Seriously, this stuff really probably only makes sense to me, but hey, that's OK.

I ran across some of the Daili Lama's advise for the new Millennium and loved it. So I leave with that and a video about hope. HAPPY NEW YEAR! ~E


Instructions for life in the new millennium from the Dalai Lama
1. Take into account that great love and great achievements involve great risk.
2 When you lose, don't lose the lesson.
3. Follow the three Rs: respect for self, respect for others, and responsibility for all your actions.
4. Remember that not getting what you want is sometimes a wonderful stroke of luck.
5. Learn the rules so you know how to break them properly.
6. Don't let a little dispute injure a great friendship.
7. when you realize you've made a mistake, take immediate steps to correct it.
8. Spend some time alone every day.
9. Open your arms to change, but don't let go of your values.
10. Remember that silence is sometimes the best answer.
11. Live a good, honorable life.

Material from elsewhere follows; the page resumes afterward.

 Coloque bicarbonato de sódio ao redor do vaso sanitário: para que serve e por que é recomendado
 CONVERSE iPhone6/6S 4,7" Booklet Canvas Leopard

Then when you get older and think back, you'll be able to enjoy it a second time.
12. A loving atmosphere in your home is the foundation for your life.
13. In disagreements with loved ones, deal only with the current situation. Don't bring up the past.
14. Share your knowledge It's a way to achieve immortality.
15. Be gentle with the earth.
16. Once a year, go some place you've never been before.
17. Remember that the best relationship is one in which your love for each Other exceeds your need for each other.
18. Judge your success by what you had to give up in order to get it.
19. Approach love and cooking with reckless abandon."